For the records below, please print exactly and only the lines from the one with "The Lies and" down to the one with "Metal Sign 1969", both ends included, omitting the pictures.

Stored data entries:
--- START ---
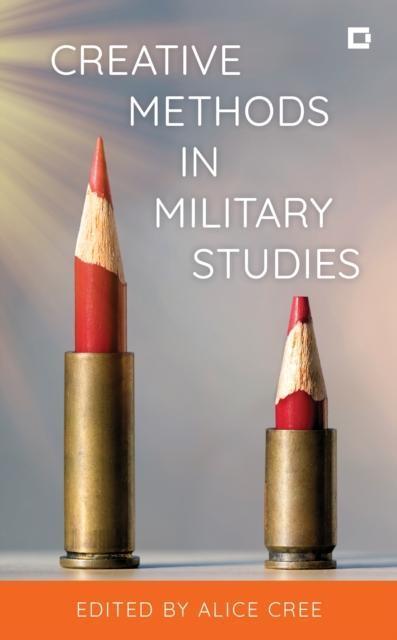 Creative Methods in Military Studies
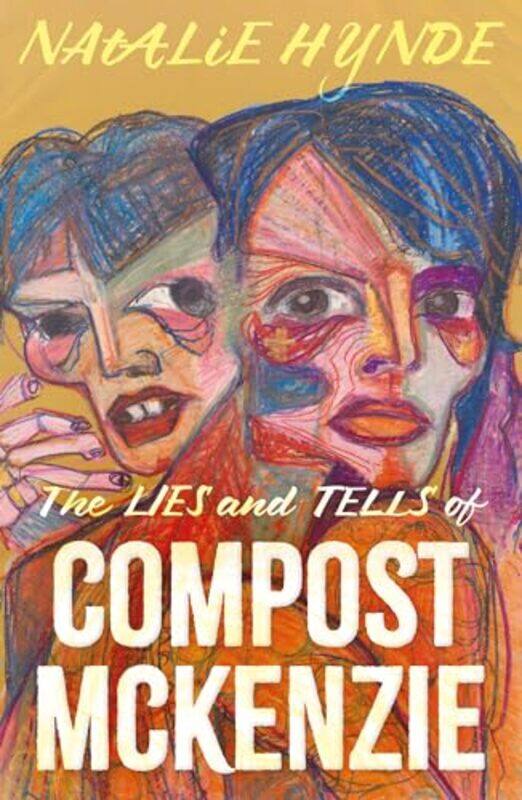 

The Lies and Tells of Compost Mckenzie by Natalie Hynde -Paperback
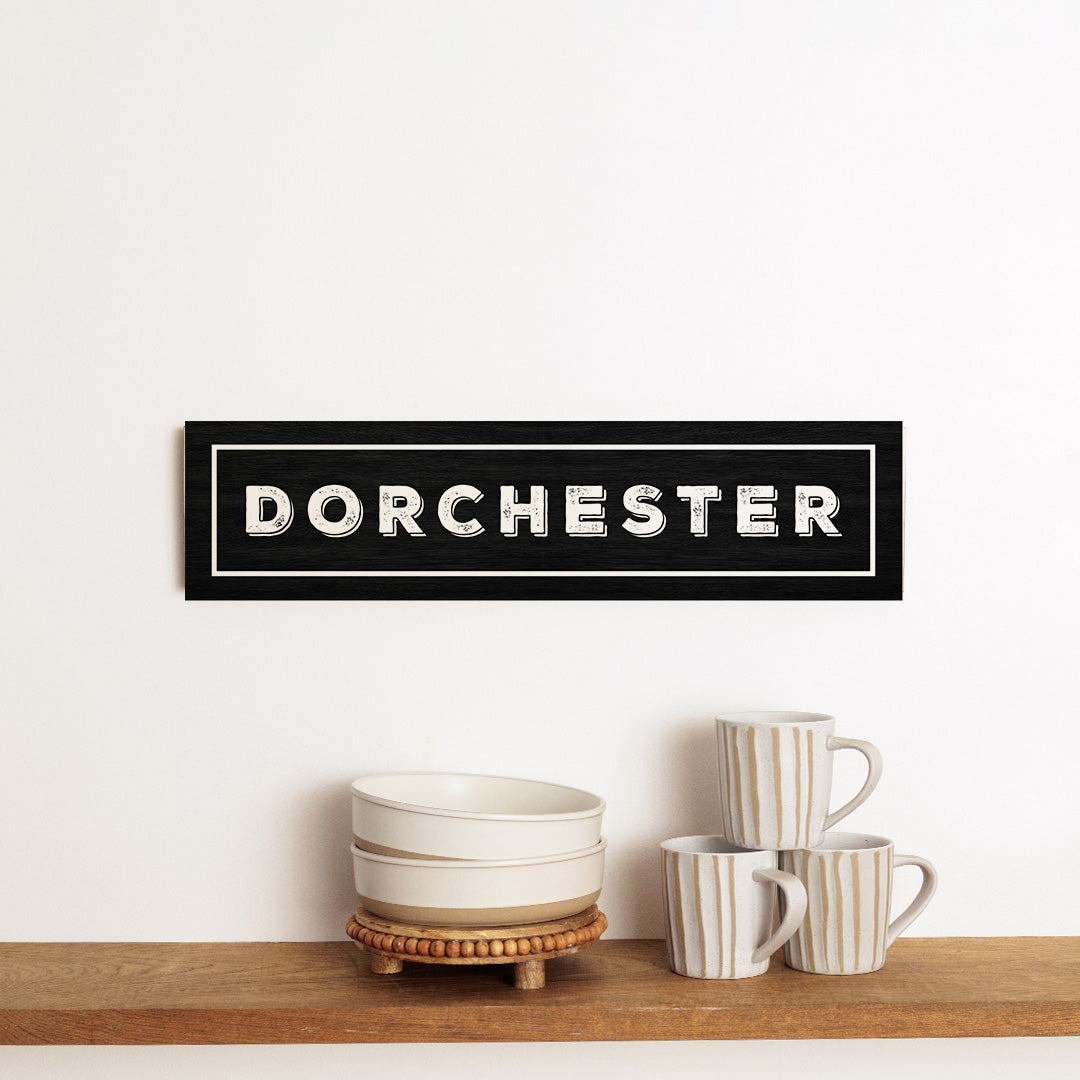 Dorchester Black and White Barnwood Sign
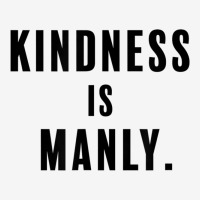 Funny Kindness Is Manly T Shirt Baby Beanies | Artistshot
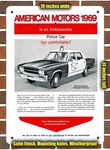 Metal Sign 1969 Amc Police Cars- 10X14 Inches. Fixed Price $29.95.
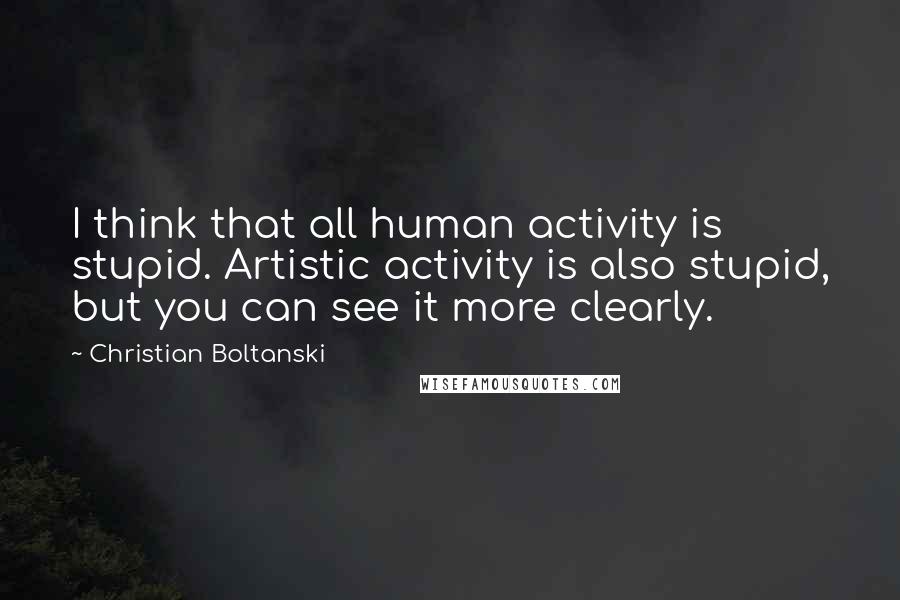 Christian Boltanski Quotes: I think that all human activity is stupid. Artistic activity is also stupid, but you can see it more clearly.
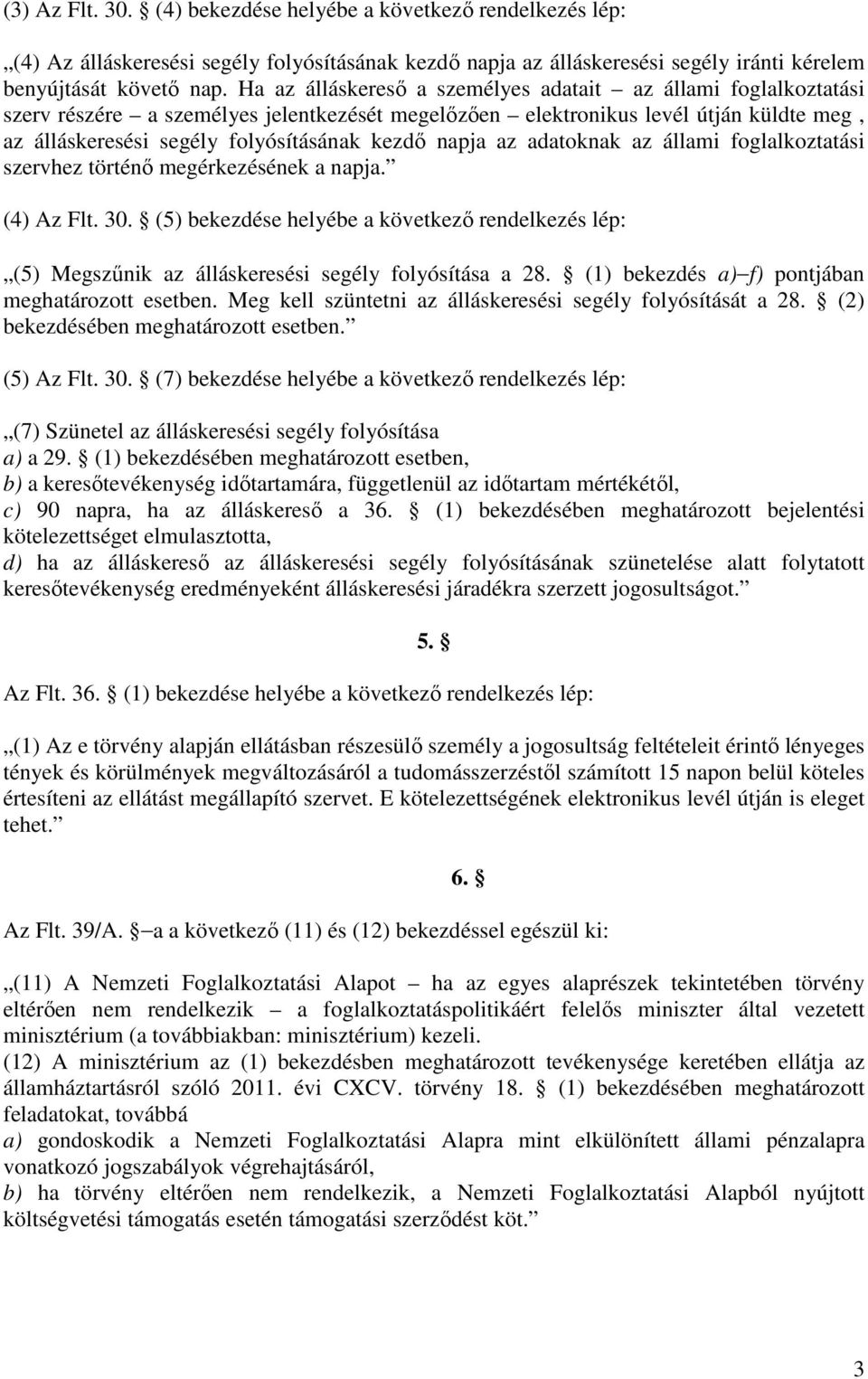 napja az adatoknak az állami foglalkoztatási szervhez történő megérkezésének a napja. (4) Az Flt. 30.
--- END ---
### Response to the task
The Lies and Tells of Compost Mckenzie by Natalie Hynde -Paperback
 Dorchester Black and White Barnwood Sign
 Funny Kindness Is Manly T Shirt Baby Beanies | Artistshot
 Metal Sign 1969 Amc Police Cars- 10X14 Inches. Fixed Price $29.95.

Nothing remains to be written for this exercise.